As Tony Parsons, the English advaita teacher, writes: ‘No conditions need to be fulfilled. The infinite is not somewhere else waiting for us to become worthy, it is all there is.’
There can appear to be something over there called enlightenment which we must strive to reach but that is simply the illusory task of an apparent individual who has forgotten he is already All That Is.
But there is a paradox here. Nisargadatta, the fiery Bombay sage, who used to flay mentally audacious western seekers in his upstairs room, continued to practice the disciplines of his religion and serve his guru even when it was no longer necessary.
‘I am neither perceivable nor conceivable,’ he would say.
Our cultural and religious context is part of our earthly life and to be respected after all. We may no longer need our training wheels, but they may need us.
In Siddhartha by Herman Hesse (a must read for any seeker) the protagonist takes on various roles — lover, merchant, ascectic — before collapsing in despair at a life he finally sees was wasted.
Eventually, spent and exhausted, he sits beneath a tree and watches the river reflect the emptiness in his own soul:
‘With his eyes closed, he slipped towards death. Then, out of remote areas of his soul, out of past times of his now weary life, a sound stirred up.’
‘Om! He spoke to himself: Om! And again he knew about Brahman, knew about the indestructibility of life, knew about all that is divine, which he had forgotten.’
Siddhartha experienced ‘the grace of suffering’ and woke up. He woke up from his identification with his self, sees it is selfish, and goes on to rediscover his kinship with all.
The ‘foolish, childlike people’ he sneered at become beloved to him; he learns the human pain of having a son who rejects and despises him; he learns from the wise old ferryman; and finally he learns from the river itself.
Despair comes for most of us at one time or other yet if we are wise we can use it as a portal to something finer, a Self that existed all along.
The great sages tell us to ‘go back the way you came’ or as Rumi put it, ‘return to the root of the root of yourself’.
The root is consciousness, the root of the root awareness itself.

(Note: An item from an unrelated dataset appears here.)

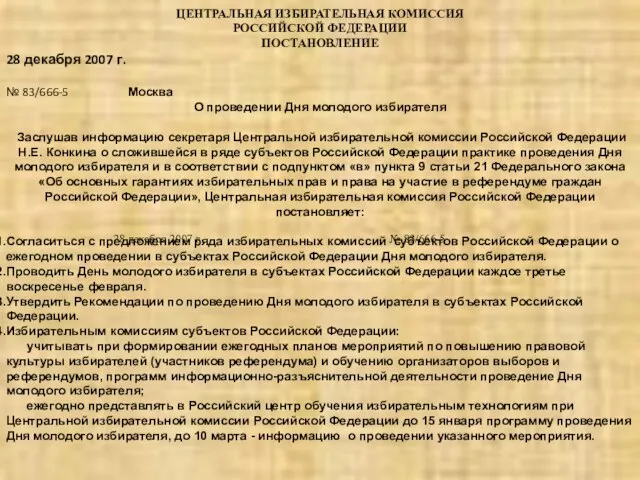 ЦЕНТРАЛЬНАЯ ИЗБИРАТЕЛЬНАЯ КОМИССИЯ РОССИЙСКОЙ ФЕДЕРАЦИИ ПОСТАНОВЛЕНИЕ 28 декабря 2007 г. № 83/666-5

Last words.
In the final paragraph of his book The Open Secret, Tony Parsons says this:
‘But from whatever and whenever this insight is communicated, it has no connection with end-gaining, belief, path or process. It cannot be taught but is continuously shared. Because it is all that is no-one can lay claim to it. It needs not to be argued, proven or embellished, for it stands alone simply as it is, and can only remain unrecognized and rejected, or realized and lived.’